D'une manière générale, la corruption est rare dans les villes du Golfe qui s'emploient sous l'impulsion d'agences de l'ONU à mettre en place de bonnes pratiques, alors que les tentatives pour limiter les effets de la corruption dans les villes du Maghreb et du Proche-Orient sont restées symboliques. La lutte contre la corruption a d'ailleurs été un des thèmes mobilisateurs du Printemps arabe en Egypte et en Tunisie. Par ailleurs, les mégapoles du Maghreb et du Proche-Orient sont fragilisées par les inégalités d'accès à l'éducation, à l'emploi ou à l'eau. Le communautarisme est une autre menace qui pèse par exemple sur Beyrouth, ville de 2 à 3 millions d'habitants. La ségrégation ethnique et religieuse est un facteur de déstabilisation pour cette ville comme pour Bassora en Irak. Dans le Golfe, ce sont les questions sociales et environnementales qui doivent être abordées en priorité : durabilité, transition énergétique, transports en commun, logement des pauvres, législation du travail, statut des étrangers...
Les villes du Golfe continuent toutes à croître avec l'encouragement des gouvernants. Ceux-ci y voient un moyen d'être partie prenante dans la mondialisation et dans l'économie d'archipel mettant en réseau les très grandes villes, mais aussi de créer un marché local important . D'autres capitales de la région, au poids démographique plus important continuent de se développer, comme Damas avec 5 millions d'habitants. Mais la plus grande ville du Moyen-Orient, avec Le Caire et Istanbul, est Téhéran avec 15 millions d'habitants. Contrairement au Caire, où l'habitat précaire est très répandu, il n'y a pas de bidonvilles à Téhéran.

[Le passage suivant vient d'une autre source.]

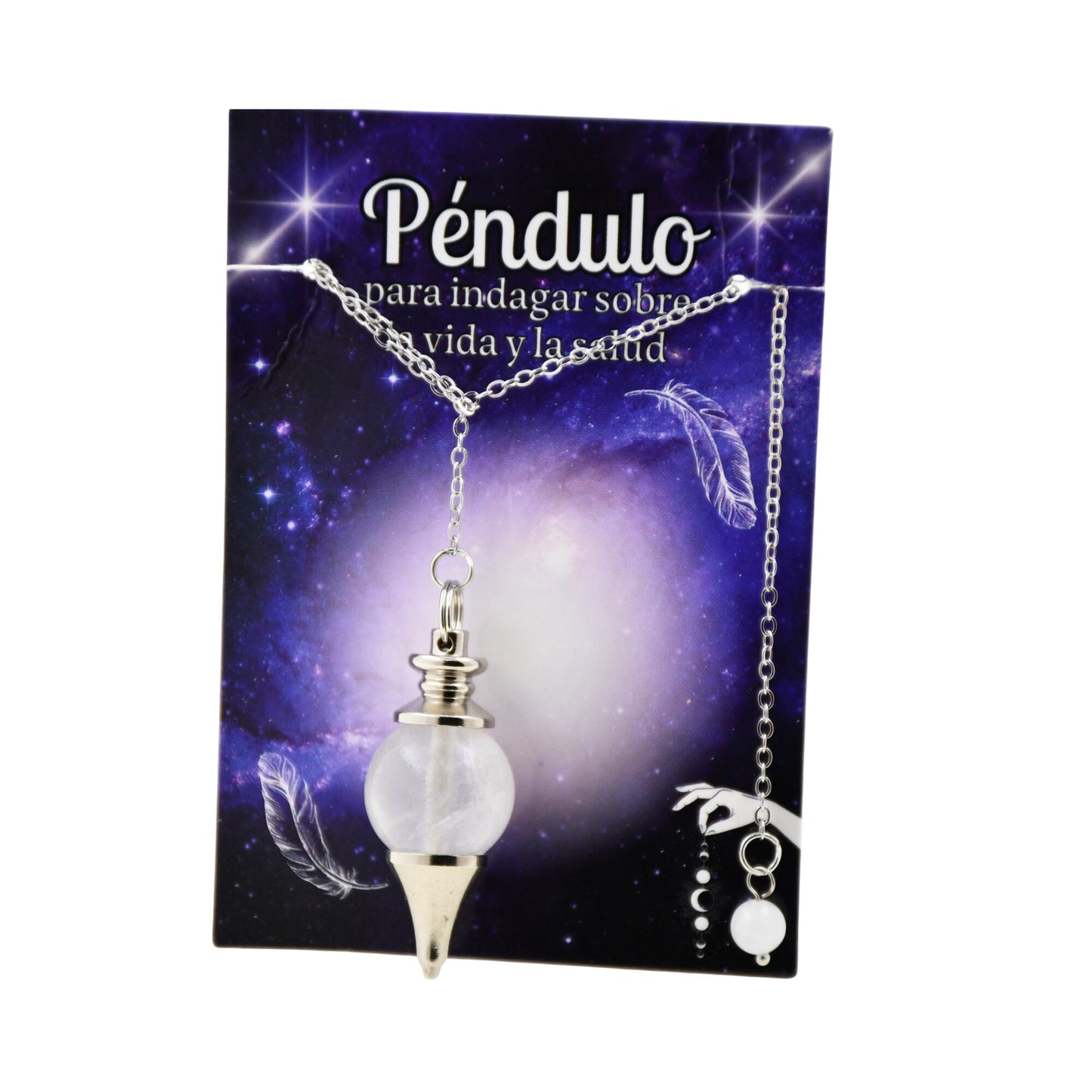 Péndulo Bola Mineral - Cuarzo Cristal REF 6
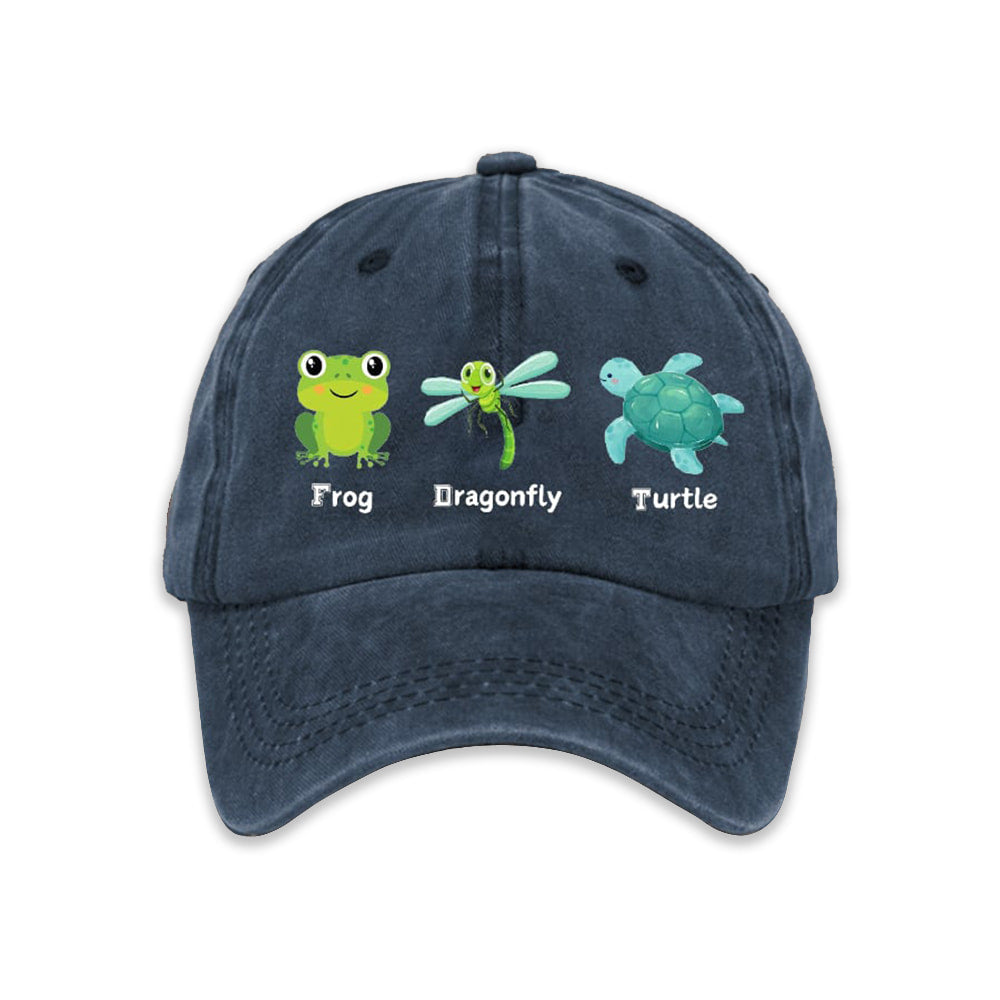FDT Frog Dragonfly Turtle Baseball Cap Moonbestprint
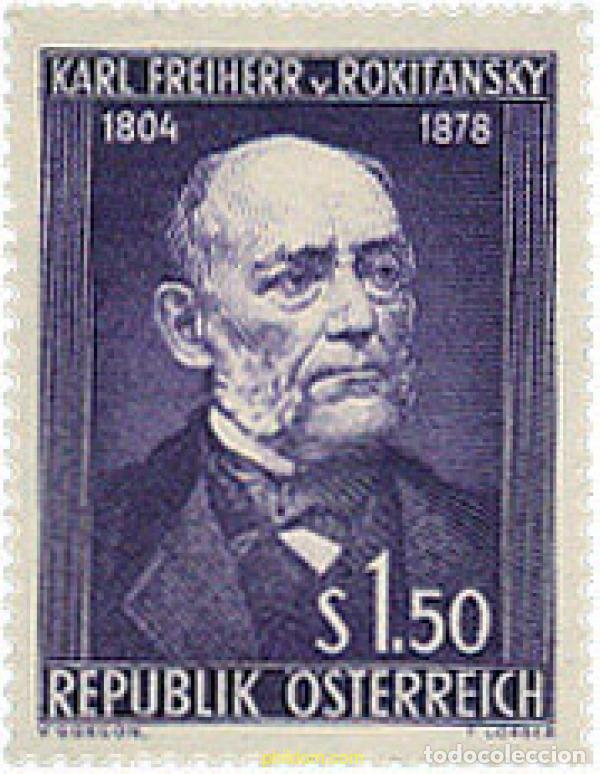 Briefmarken: 119564 MNH AUSTRIA 1954 150 ANIVERSARIO DEL NACIMIENTO DEL BARON KARL VON ROKITANSKY
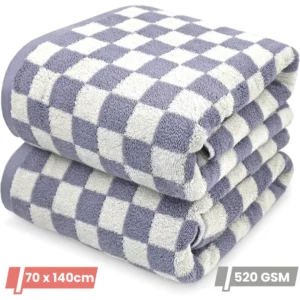 checkered microfiber bath towels set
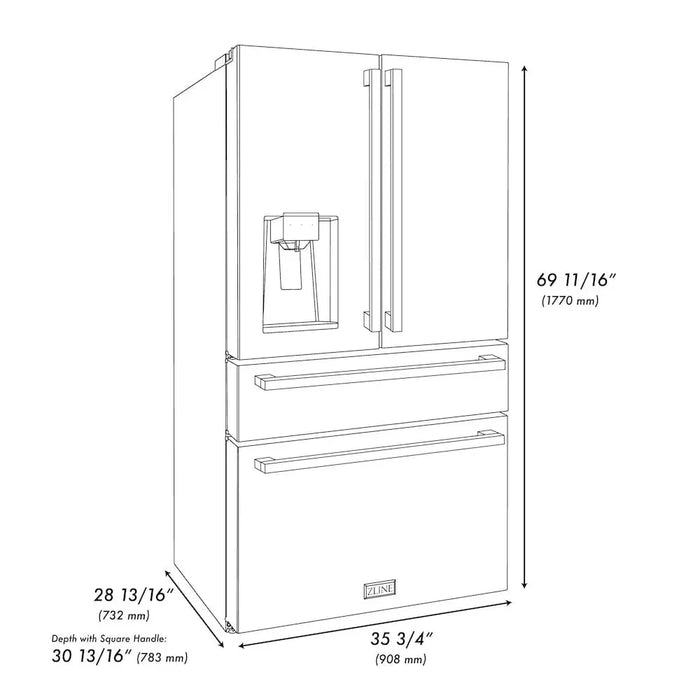 ZLINE 36" Autograph French Door Refrigerator, Ice & Water, Black Stainless RFMZ-W36-BS-FCB09K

En effet, les populations des banlieues défavorisées, qui ont participé à la révolution de 1979, ont obtenu, du fait de cette participation, des avantages en retour comme la régularisation des constructions irrégulières, la création d'un cadastre, la mise en place d'infrastructures de transport et de réseaux, la construction de logements....
Les villes du Golfe, qui ne sont ni des villes arabo-musulmanes, ni des villes à l'américaine, un nouveau modèle urbain en devenir, ne seraient-elles pas des laboratoires des villes du futur par-delà les spécificités de chacune d'elles ?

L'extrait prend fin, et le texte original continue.